Monitoring Your Kubernetes Cluster with Prometheus and Grafana

Monitoring Your Kubernetes Cluster with Prometheus and Grafana

In today’s complex Kubernetes environments, having a robust monitoring solution is not just nice to have—it’s essential. This guide will walk you through setting up Prometheus and Grafana to monitor your K3s or any other Kubernetes cluster.

Why Prometheus and Grafana?

  • Prometheus: An open-source systems monitoring and alerting toolkit that collects and stores metrics as time series data
  • Grafana: A multi-platform open-source analytics and interactive visualization web application that provides charts, graphs, and alerts when connected to supported data sources

Together, they form a powerful monitoring stack that provides insights into your cluster’s health and performance.

Prerequisites

Before we begin, ensure you have:

  • A running Kubernetes cluster (this guide uses K3s)
  • kubectl configured to communicate with your cluster
  • Helm 3 installed

Installation using Helm

The easiest way to install Prometheus and Grafana is using the kube-prometheus-stack Helm chart, which includes:

  • Prometheus Operator
  • Prometheus instance
  • Alertmanager
  • Grafana
  • Node Exporter
  • Kube State Metrics

Let’s create a namespace and install the stack:

# Create a dedicated namespace
kubectl create namespace monitoring

# Add the Prometheus community Helm repository
helm repo add prometheus-community https://prometheus-community.github.io/helm-charts
helm repo update

# Install the kube-prometheus-stack
helm install prometheus prometheus-community/kube-prometheus-stack \
  --namespace monitoring \
  --set grafana.adminPassword=your-strong-password

Replace your-strong-password with a secure password for the Grafana admin user.

Accessing the Dashboards

By default, the services are not exposed outside the cluster.
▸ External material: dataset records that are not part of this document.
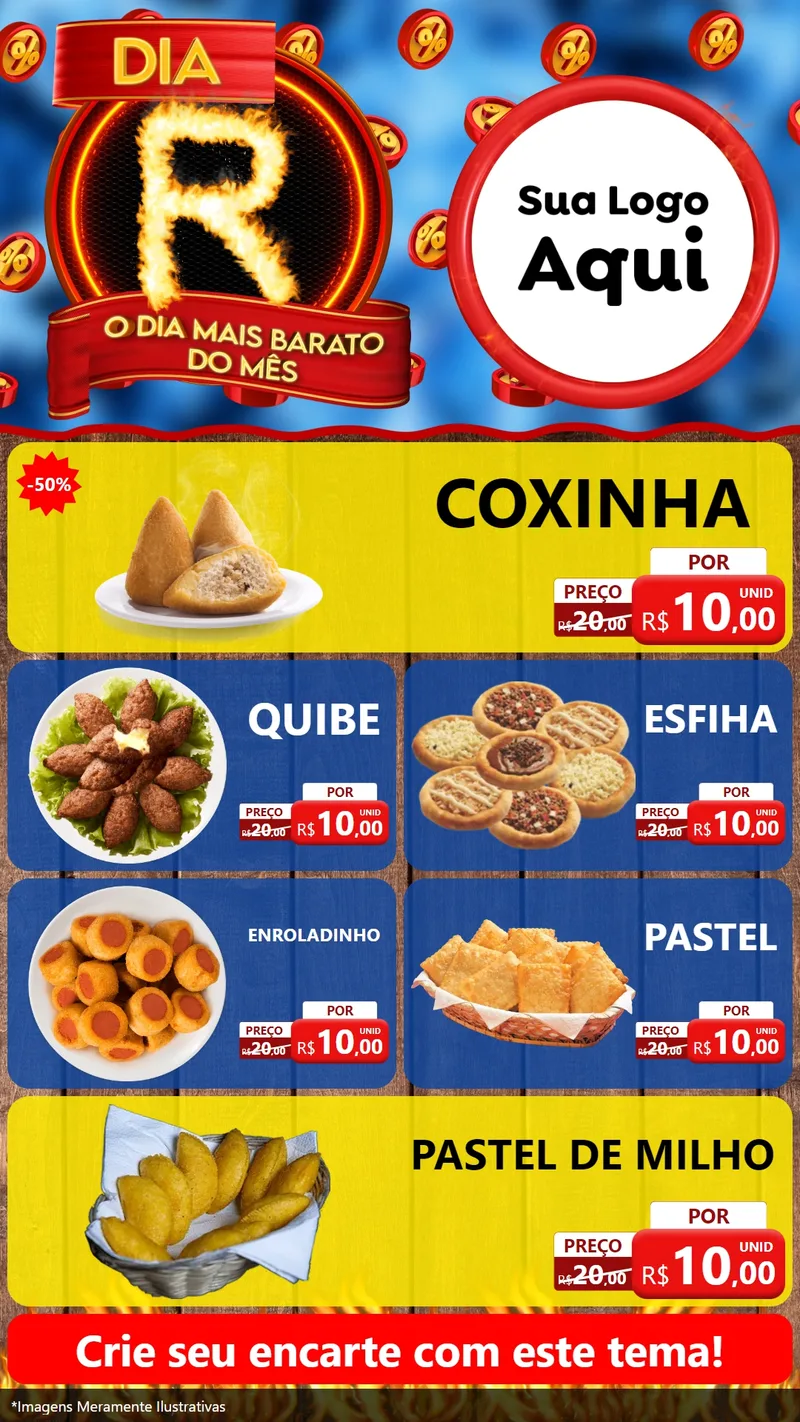 Modelo de TV para TV Vertical com o tema Dia R - O Dia Mais Barato Do Mês para Salgadaria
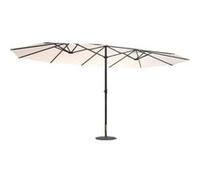 Concept Usine Parasol VENICE double rectangulaire 2,7x4,6 m protection UV 50+ acier anthracite Écru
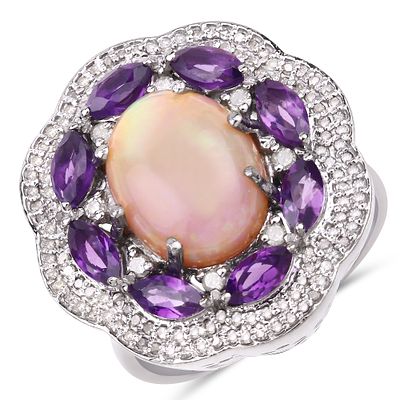 925 Amethyst, Opal & Diamond Ring. QJ8422/50-MKK This stunning .925 sterling silver statement 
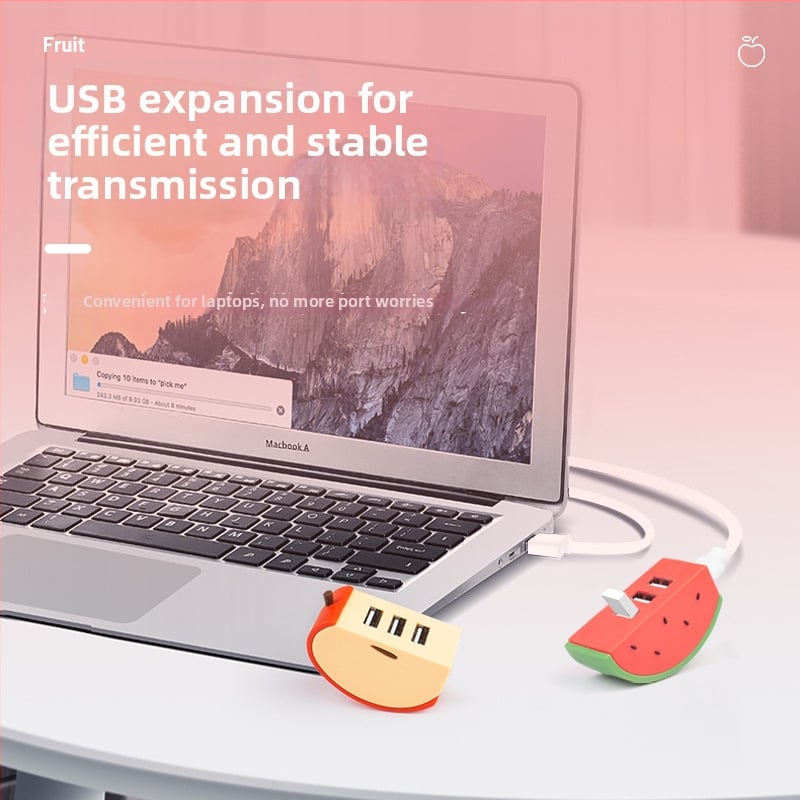 USB 2.0 USB hub pre notebook, 3-portový, 50 cm kábel, Fruit hub hub (bez vonkajšieho napájania)
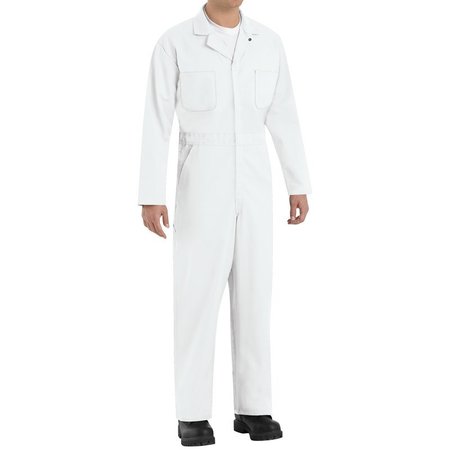 Red Kap Coverall, Chest 46In., White CT10WH RG 46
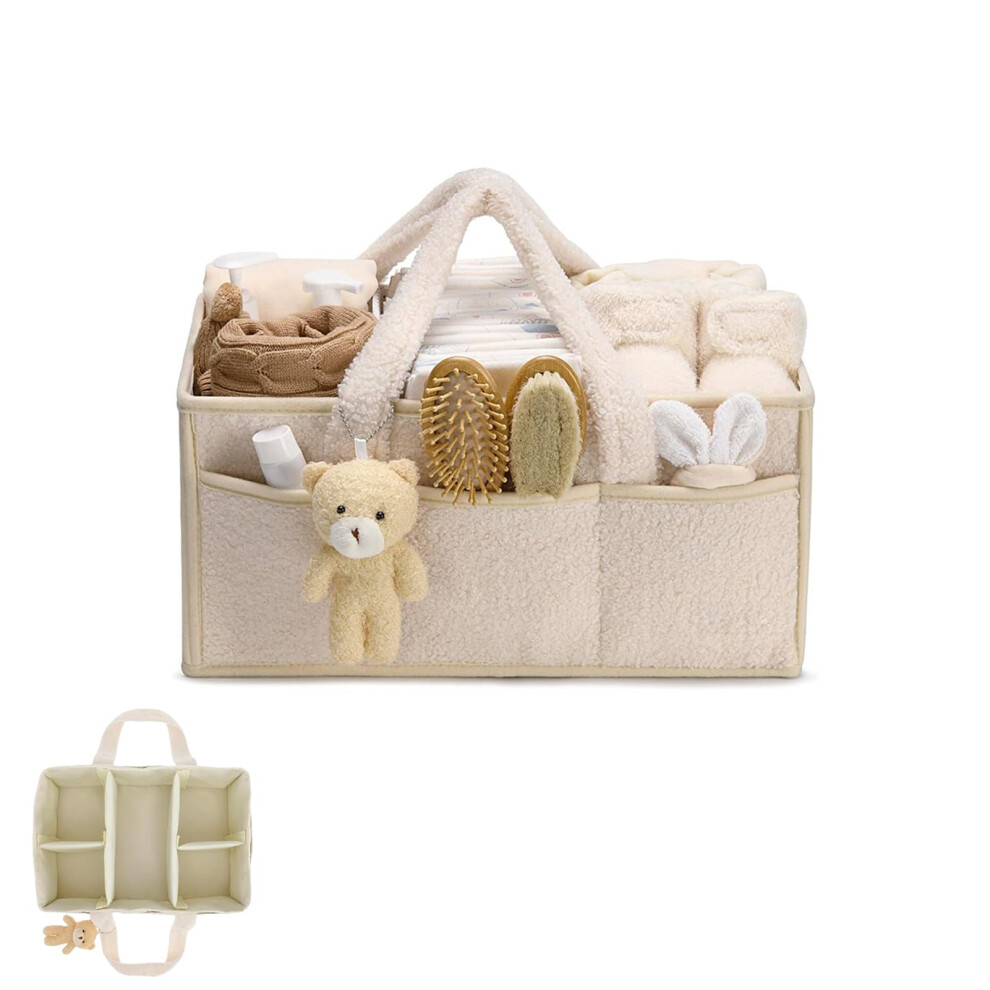 Diaper Bag for Travel with Plush Bear, Changing Station Organizer
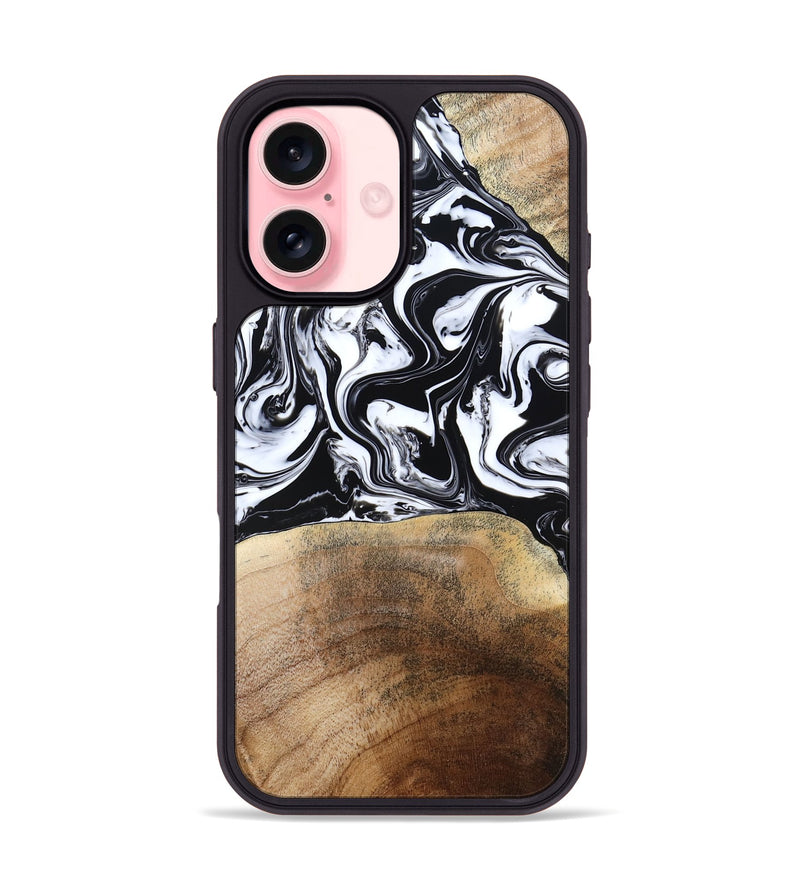 iPhone 16 Wood Phone Case - Melany (Black & White, 780756)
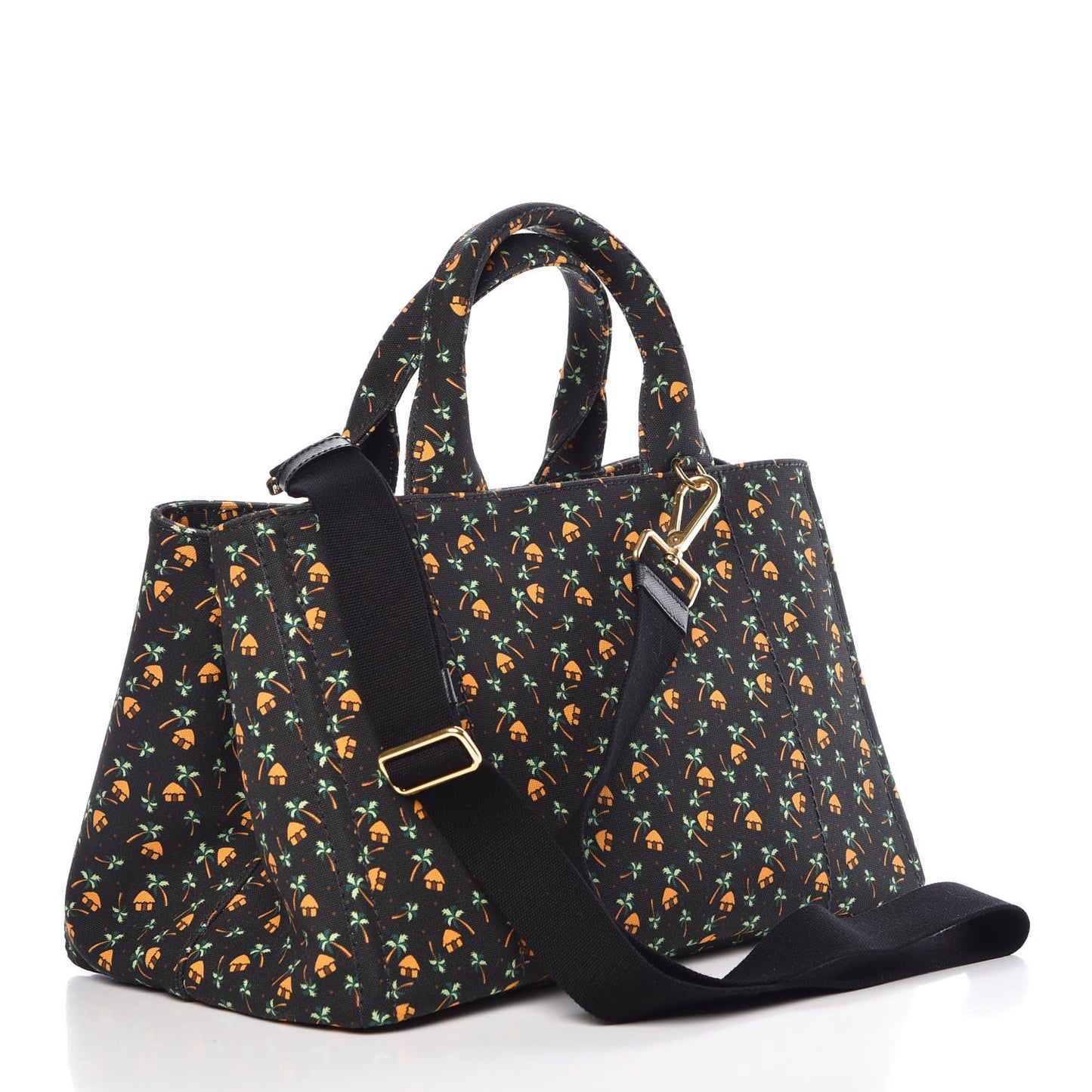 Canapa Palm Tree Print Logo Tote Black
To access them, you can use port-forwarding:

Grafana

kubectl port-forward -n monitoring svc/prometheus-grafana 3000:80

Then access Grafana at http://localhost:3000 with username admin and the password you specified during installation.

Prometheus

kubectl port-forward -n monitoring svc/prometheus-operated 9090:9090

Access the Prometheus UI at http://localhost:9090.

Setting Up Ingress (Optional)

For production environments, you’ll want to set up proper ingress. Here’s an example using Nginx ingress:

apiVersion: networking.k8s.io/v1
kind: Ingress
metadata:
  name: grafana-ingress
  namespace: monitoring
  annotations:
    kubernetes.io/ingress.class: nginx
    nginx.ingress.kubernetes.io/ssl-redirect: "true"
spec:
  rules:
  - host: grafana.example.com
    http:
      paths:
      - path: /
        pathType: Prefix
        backend:
          service:
            name: prometheus-grafana
            port:
              number: 80
  tls:
  - hosts:
    - grafana.example.com
    secretName: grafana-tls

Apply this with kubectl apply -f ingress.yaml after replacing grafana.example.com with your domain.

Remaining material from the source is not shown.